- _Task instructions_
Would you return each record that follows word for word, without its pictures?

- _Data shown_
*****

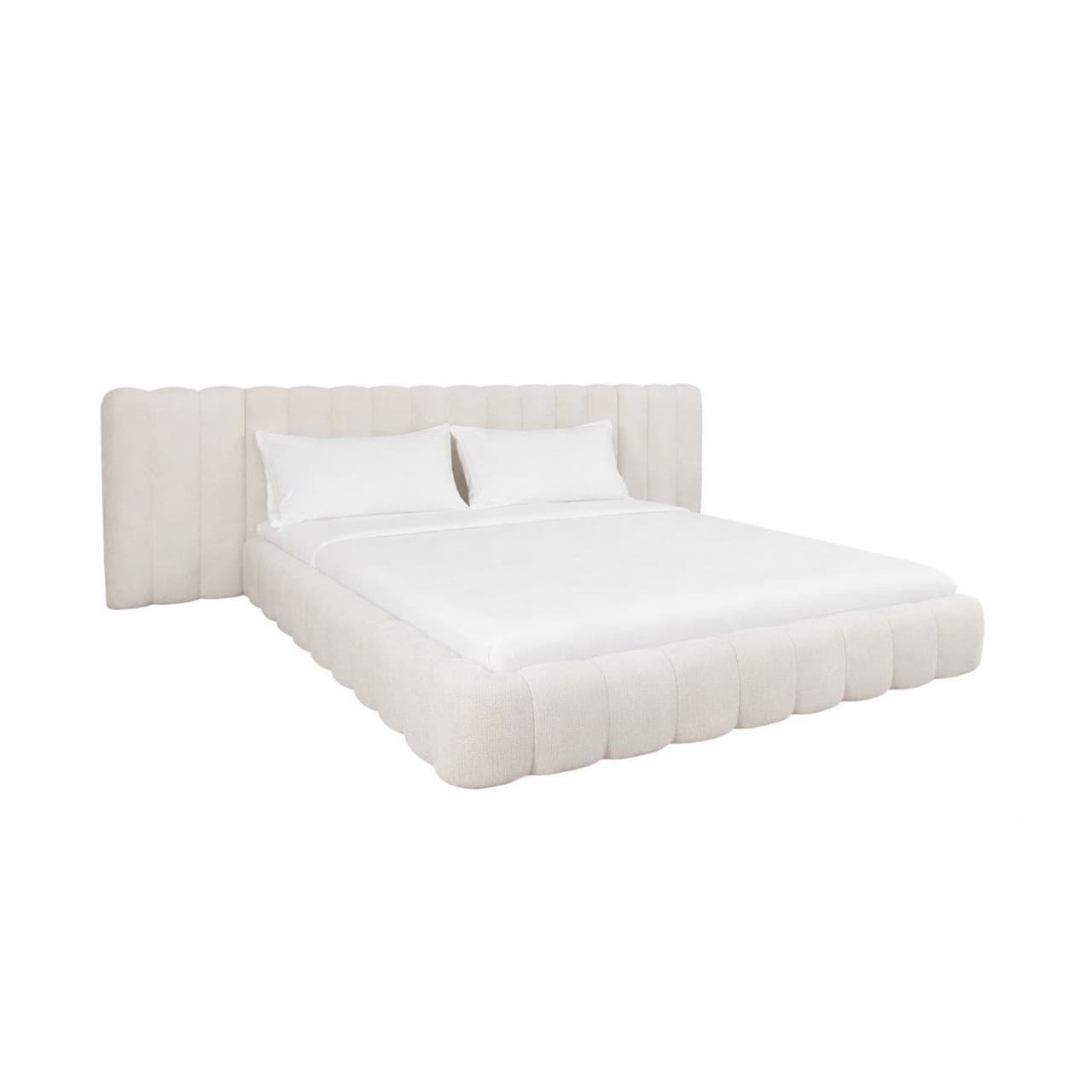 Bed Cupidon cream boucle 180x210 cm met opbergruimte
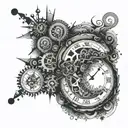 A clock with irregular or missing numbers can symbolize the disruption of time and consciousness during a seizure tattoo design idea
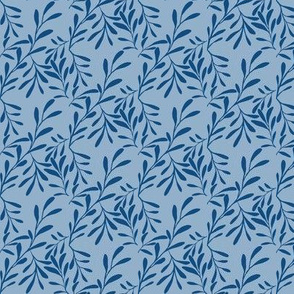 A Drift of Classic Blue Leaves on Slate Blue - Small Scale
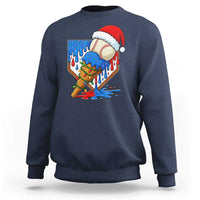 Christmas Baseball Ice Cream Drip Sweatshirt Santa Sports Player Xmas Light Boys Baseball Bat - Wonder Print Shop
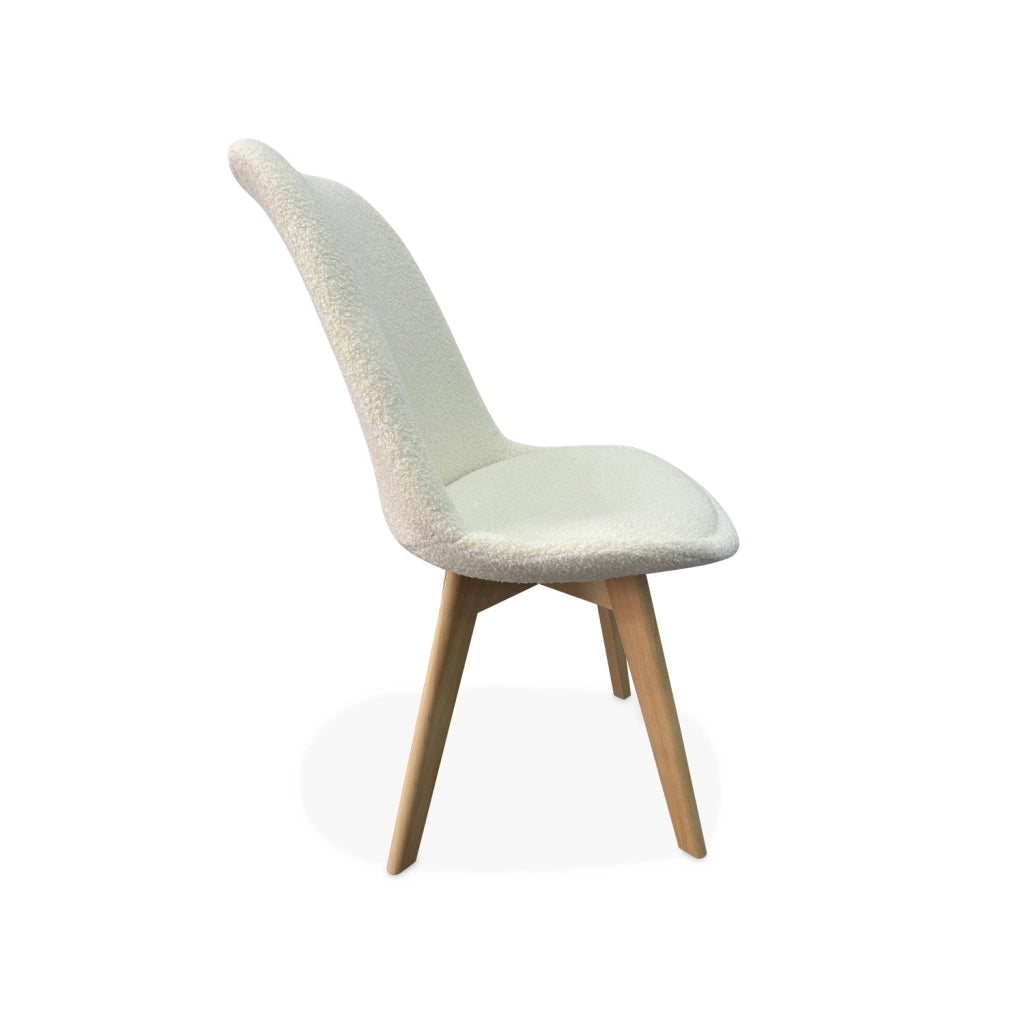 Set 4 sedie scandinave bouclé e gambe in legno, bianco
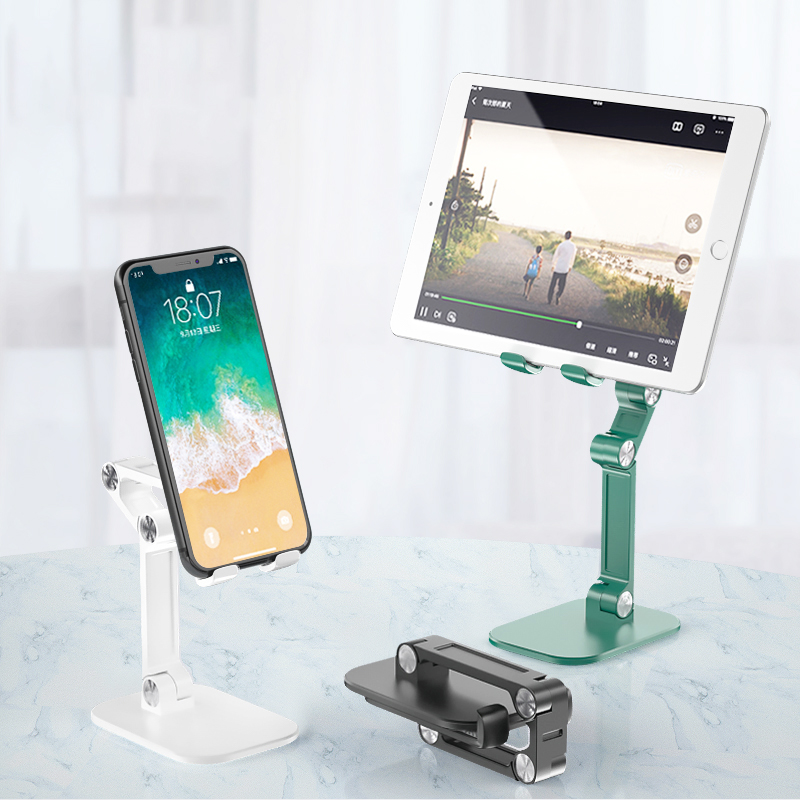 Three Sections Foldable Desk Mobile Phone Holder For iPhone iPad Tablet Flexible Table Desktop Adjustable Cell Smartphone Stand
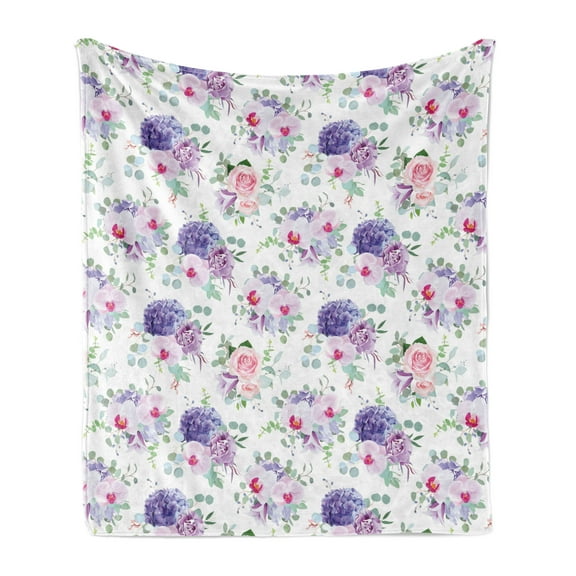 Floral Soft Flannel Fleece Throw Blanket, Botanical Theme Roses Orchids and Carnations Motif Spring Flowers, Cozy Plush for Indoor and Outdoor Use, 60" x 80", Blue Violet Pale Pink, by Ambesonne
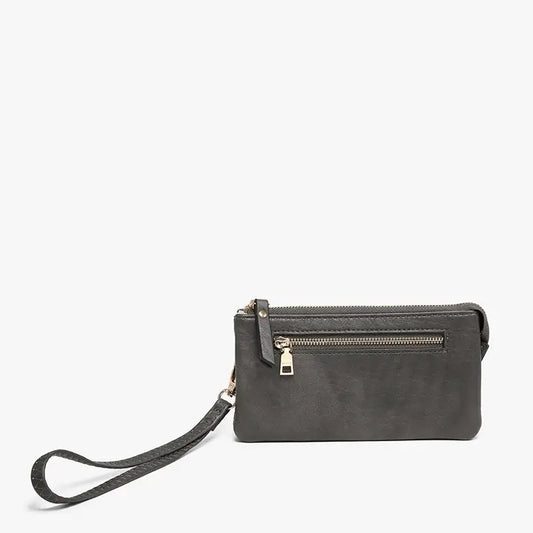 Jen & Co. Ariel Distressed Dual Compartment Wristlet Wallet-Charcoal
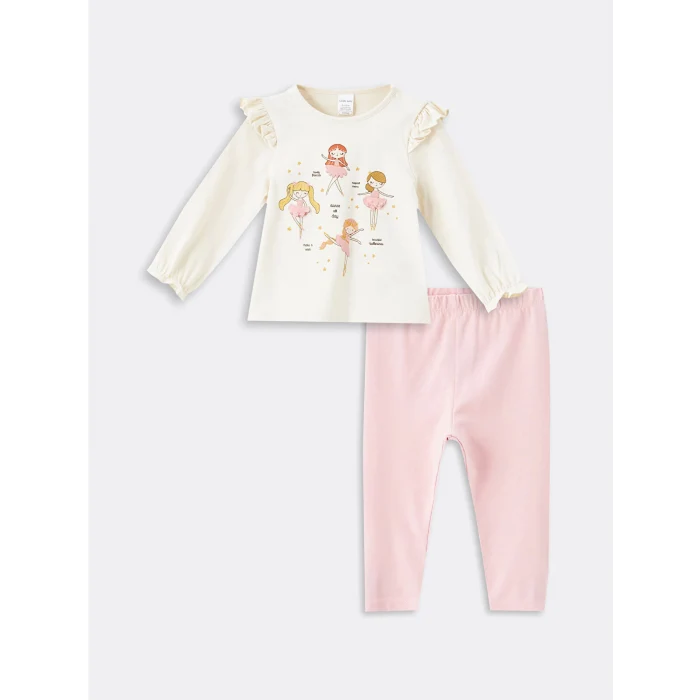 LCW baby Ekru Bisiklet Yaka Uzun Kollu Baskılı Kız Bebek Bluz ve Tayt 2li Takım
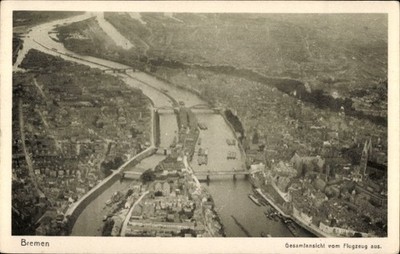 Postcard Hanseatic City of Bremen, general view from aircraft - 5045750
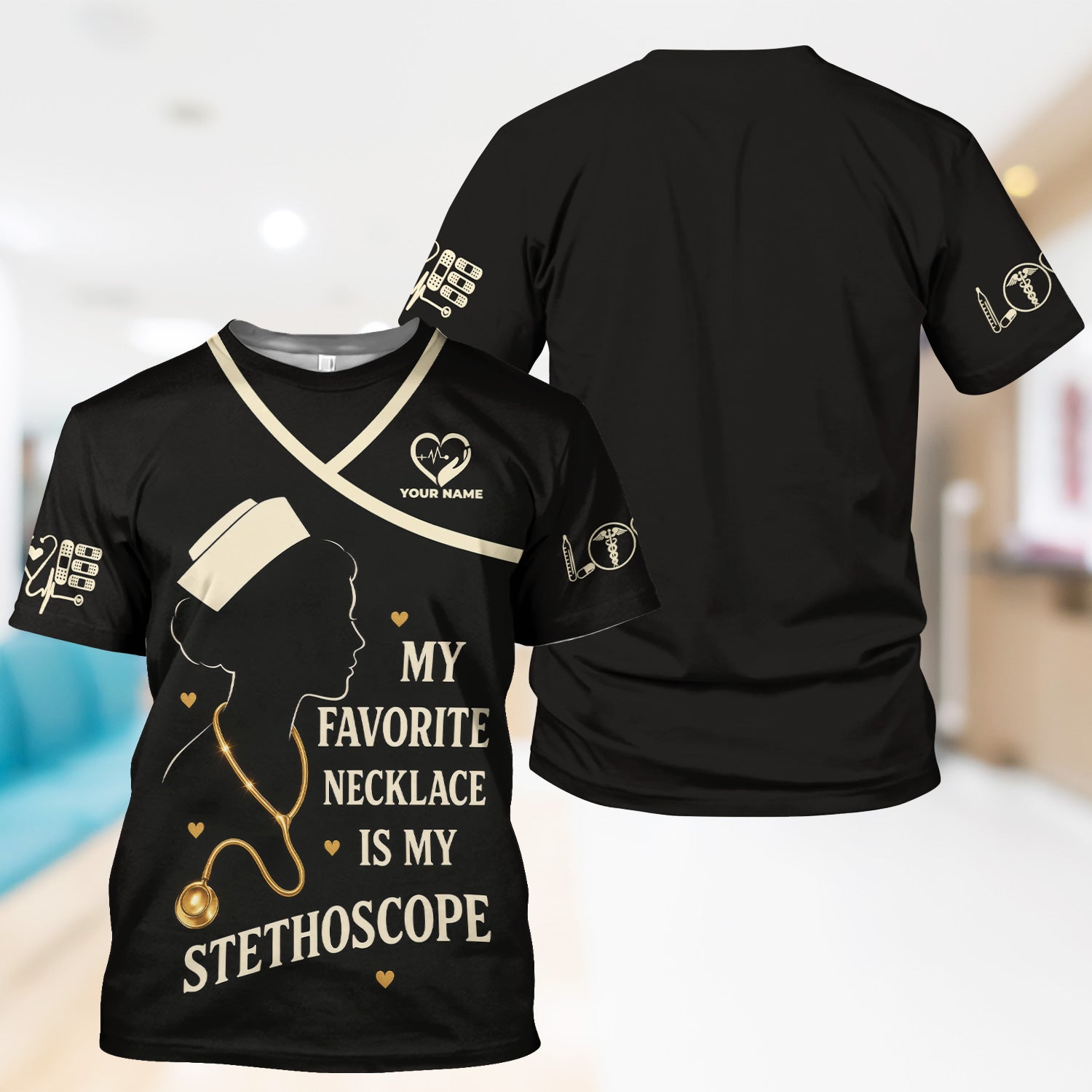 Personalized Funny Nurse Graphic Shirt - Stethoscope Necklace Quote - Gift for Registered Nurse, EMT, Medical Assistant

*****

- _Response box_
 Bed Cupidon cream boucle 180x210 cm met opbergruimte
 A clock with irregular or missing numbers can symbolize the disruption of time and consciousness during a seizure tattoo design idea
 A Drift of Classic Blue Leaves on Slate Blue - Small Scale
 Christmas Baseball Ice Cream Drip Sweatshirt Santa Sports Player Xmas Light Boys Baseball Bat - Wonder Print Shop
 Set 4 sedie scandinave bouclé e gambe in legno, bianco
 Three Sections Foldable Desk Mobile Phone Holder For iPhone iPad Tablet Flexible Table Desktop Adjustable Cell Smartphone Stand
 Floral Soft Flannel Fleece Throw Blanket, Botanical Theme Roses Orchids and Carnations Motif Spring Flowers, Cozy Plush for Indoor and Outdoor Use, 60" x 80", Blue Violet Pale Pink, by Ambesonne
 Jen & Co. Ariel Distressed Dual Compartment Wristlet Wallet-Charcoal
 LCW baby Ekru Bisiklet Yaka Uzun Kollu Baskılı Kız Bebek Bluz ve Tayt 2li Takım
 Postcard Hanseatic City of Bremen, general view from aircraft - 5045750
 Personalized Funny Nurse Graphic Shirt - Stethoscope Necklace Quote - Gift for Registered Nurse, EMT, Medical Assistant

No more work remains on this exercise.